Ambition is good. All around us are good people who have risen to leadership positions as a result of hard work and determination. However, in the dog-eat-dog world where everything goes and the ends justify the means, people think that by trampling over others, by lying, and by playing on people’s emotions instead of by targeting their intellect, they can become popular and powerful. However, such achievement is short-lived and flames out rather quickly.
Korach ran a quick and easy campaign, because hate spreads like a fire. “Did you know that…? Have you heard the truth? I’ll tell you the real story.” He used the same successful tactics, grievances and claims as today’s hate-mongers. All throughout history people have been susceptible to the machinations of demagogues.
Korach deluded himself into thinking that he would be different than those who previously had made the same mistake as he and doubting the Ish Elokim. He was operating from a position brought on by negius, and thus his view was altered and his thinking fatally flawed.
The Chazon Ish writes that a gadol baTorah does not make decisions based on negius and has no personal interest. Korach couldn’t face this fact. He refused to accept the reality that a true gadol doesn’t have an agenda.
Rav Elazar Shach zt”l explained the concept of daas Torah as such. When a great person who has no personal negiah and is totally absorbed with his Torah study is asked a question, it is as if the Torah itself is responding to the query.
Moshe Rabbeinu, the consummate humble person, the one who delivered them from slavery, virtually the only leader the Jews had known, and the man whose every word was Torah, was the person who Korach and his group accused of malfeasance.
The Mishnah in Avos states that a machlokes lesheim Shomayim is sofo lehiskayeim, while a machlokes shelo lesheim Shomayim has no kiyum.
The Mishnah tells us that the disputes between Hillel and Shamai were lesheim Shomayim, while the quarrel of Korach va’adaso was the quintessential machlokes shelo lesheim Shomayim, an argument that is sustained purely to serve a personal agenda.
A machlokes lesheim Shomayim is fueled by the desire of both antagonists to determine the truth. Hillel and Shammai shared the same goal, but they had differing methods of interpreting and understanding the words and concepts of the Torah to determine the will of the Ribbono Shel Olam. Hillel and Shammai are so much a part of our everyday life, because by studying their drashos and sevaros, and by understanding their discussions, we are able to arrive at a more illuminated understanding of Torah. Their teachings and words endure – sofo lehiskayeim.
When the machlokes is lo lesheim Shomayim, the other side is not interested in the truth. They are only interested in winning. There is nothing to be learned by dissecting their arguments, for they are illogical and obviously false.

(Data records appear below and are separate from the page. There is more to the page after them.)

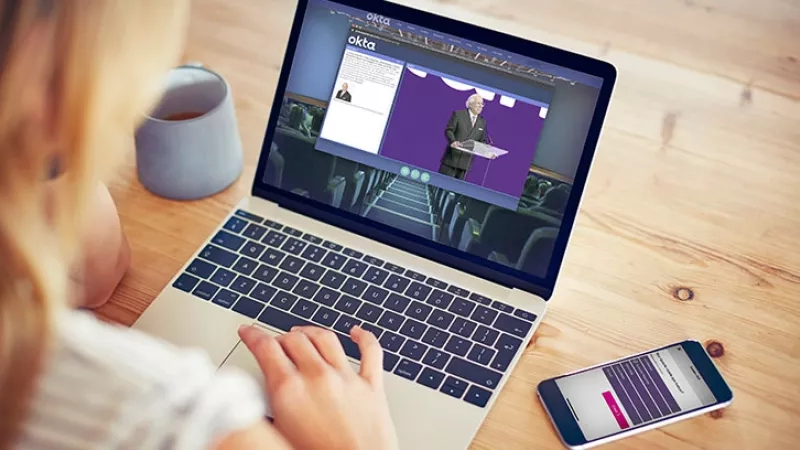 Woman using a laptop to view a virtual conference with a smartphone next to her on a table.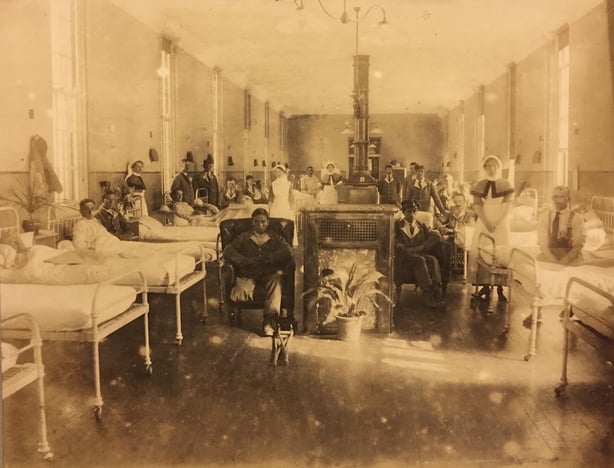 Sepia photo of a hospital ward in 1916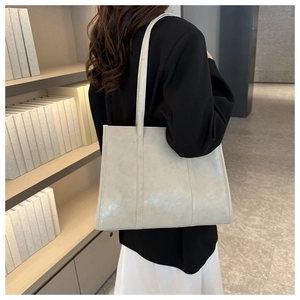 Minimalist cream white leather tote bag shown in a professional lifestyle setting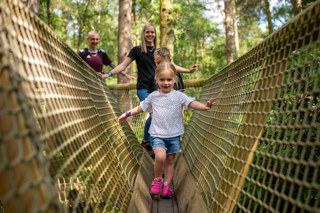 A Family walking across a narrow bridge.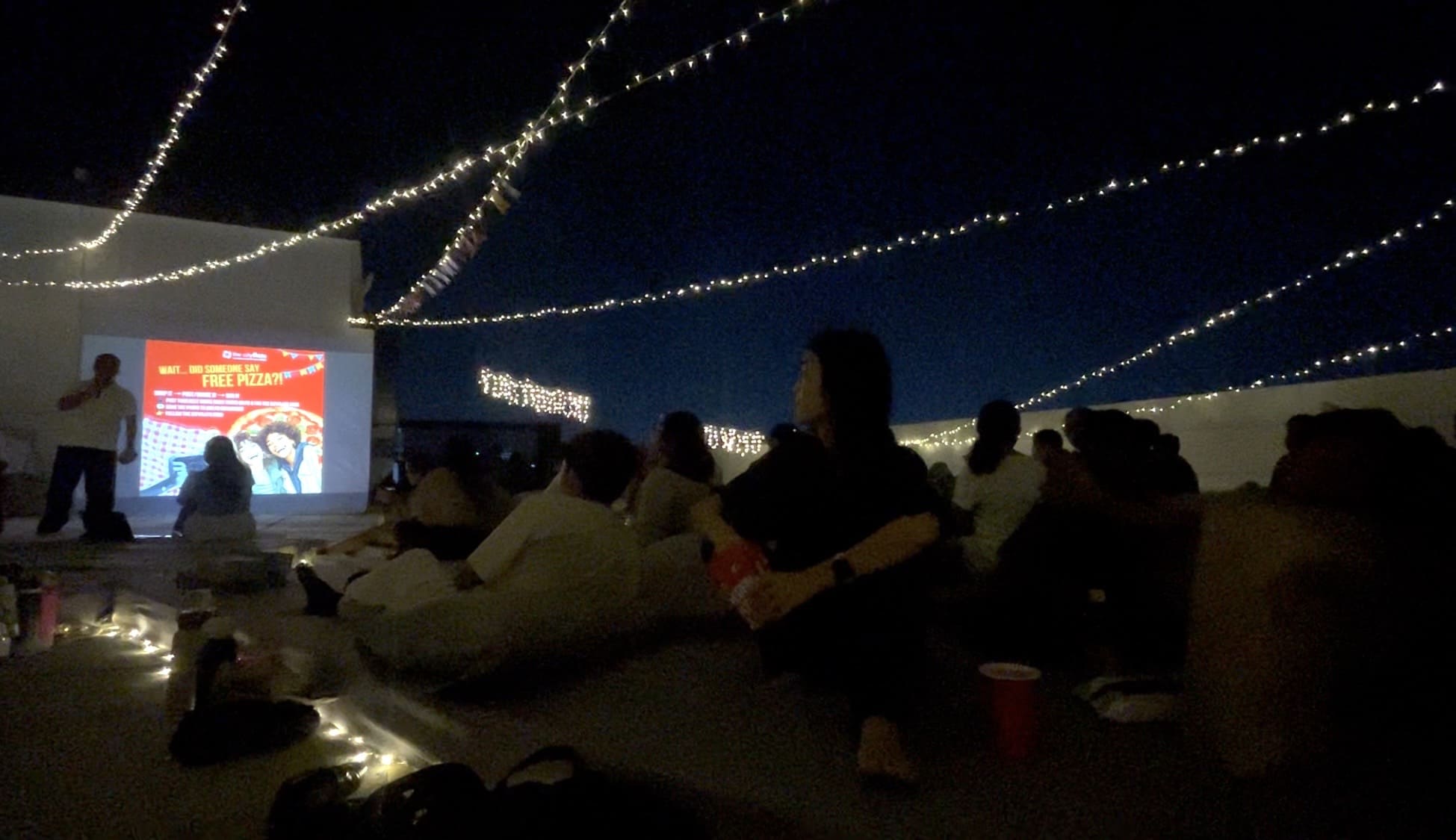 People enjoying a Cinema Night together on a rooftop deck in Cebu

A story is told about two friends who were talmidim in the great Volozhiner Yeshiva. Meir was exceptional, brilliant and driven, and had been considered one of the yeshiva’s most accomplished students. That was before he began reading and then becoming increasingly influenced by Haskalah literature which robbed our people of thousands of promising people such as Meir. The poisoned pens of the Maskilim which mocked and disdained the holy traditions and Torah leaders succeeded and Meir found himself unable to apply himself to learning and davening.
Chaim had been his chavrusah and best friend, but as Meir fell under the spell of Haskalah, their friendship fell apart. However, Meir was determined to take Chaim along with him. He sought to take his simple, unsophisticated friend by the hand and lead him into the great, big world beyond the walls of the Volozhiner Yeshiva. Chaim refused to hear his friend’s arguments, explaining that he derived all the intellectual and emotional stimulation he needed from the pages of the Gemara.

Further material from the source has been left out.